Imagine you are an 81 year old woman, widowed, living alone, diagnosed with COVID-19. Your children and grandchildren either live out of state, or are too afraid to come visit you because they don’t want to get sick too. You are weak from coughing, running fever, and not being able to eat very much. You can barely walk from your bed to the bathroom or kitchen because you are so weak, and you are terrified you are going to fall and not be able to call for help. You’ve been to the emergency room twice, hoping to be admitted to the hospital just so you know you are safe and not alone, but you “just aren’t quite sick enough.” Not only are you physically ill, but you are depressed now too because of your fear and isolation.

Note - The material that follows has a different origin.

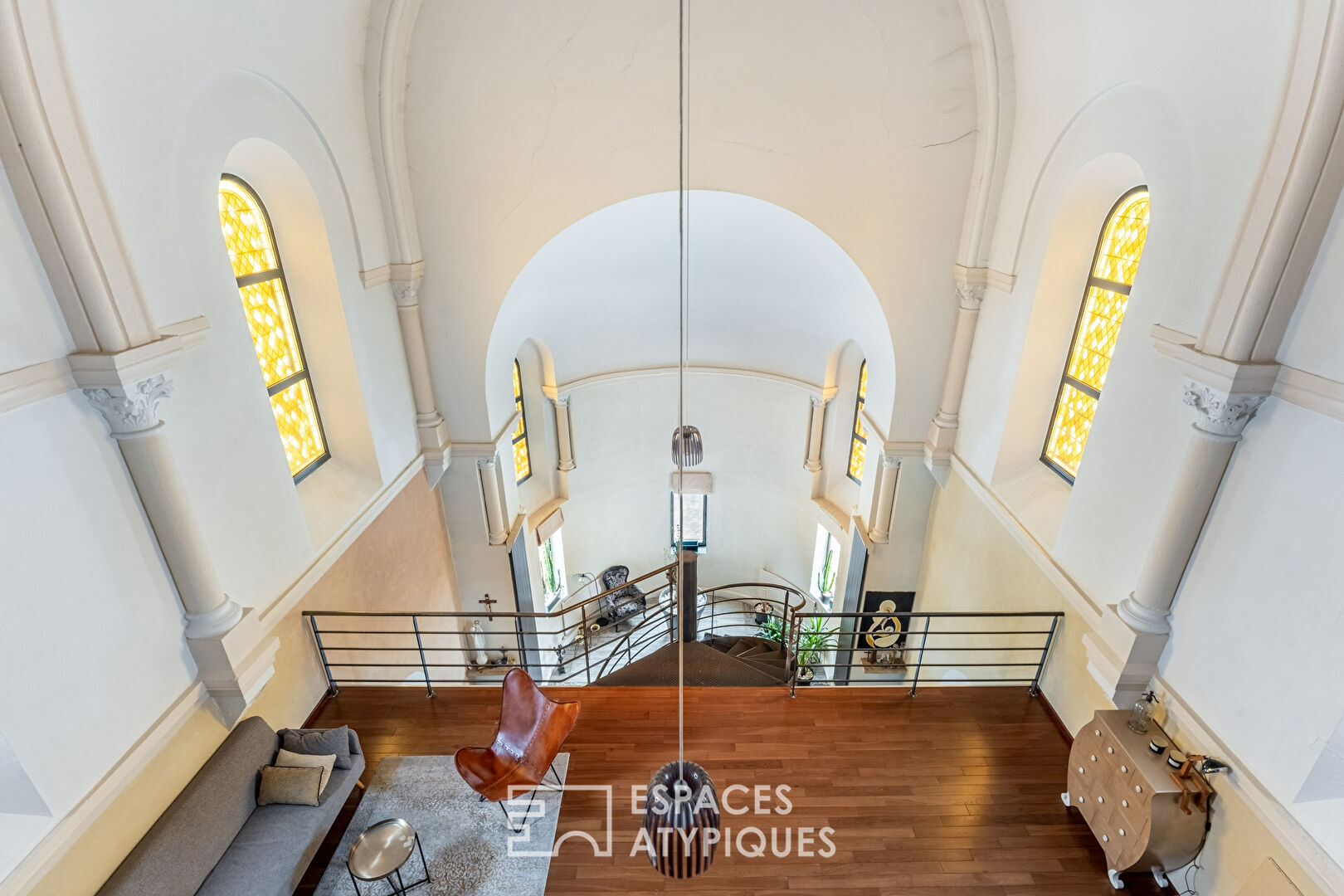 Appartement dans une ancienne chapelle désacralisée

These are the patients we take care of as home health nurses. For many of these patients, we are the only physical contact they have with the outside world. When it’s time for us to leave so we can get to our next patient, we see the loneliness in their faces and feel guilty about having to leave them. We see their faces when we go to bed at night, we pray for them, and we look forward to our next visit just as much as they do.
I am in no way trying to take away from the COVID patients in hospitals fighting for their lives, with no family allowed in their hospital rooms, or from the nurses, doctors, respiratory therapists, aides and others working in a hospital or nursing home setting. I have worked in hospitals as well and have great appreciation for all hospital staff, especially the housekeepers who make sure everything is sanitized and safe. But these “forgotten” COVID patients, and the home health and hospice staff that take care of them, have really been weighing on my heart lately.
I don’t see home health and hospice in the news. We had issues getting enough PPE in the beginning as well. We are risking our health and the health of our families as well. We are stressed, we are tired, we are worried, we occasionally cry on the drive home. We did not get offered the vaccine when the hospitals and nursing homes did, and many of us still haven’t been able to get vaccinated. Yet we continue to expose ourselves, because this is what our calling is, and we can’t imagine having a career in anything else.
So tonight when you say your prayers, please say a prayer for the 81 year old woman living alone, sick with COVID, and scared of what is going to happen to her. Please say a prayer for the home health and hospice nurses, therapists and aides taking care of these “forgotten” patients, the ones you don’t see on the news or on your Facebook feed. And please say a prayer that we can return to some kind of normalcy soon, with families being able to visit each other, and medical personnel being able to hold a sick patient’s hand without gloves on.

I too share your sentiment as a Home Health therapist, we take our work home in numerous ways. Often waking in the night worrying about our patients, praying for their well being. As our colleagues in the hospitals are overworked and burdened, likewise are the Home Health workers.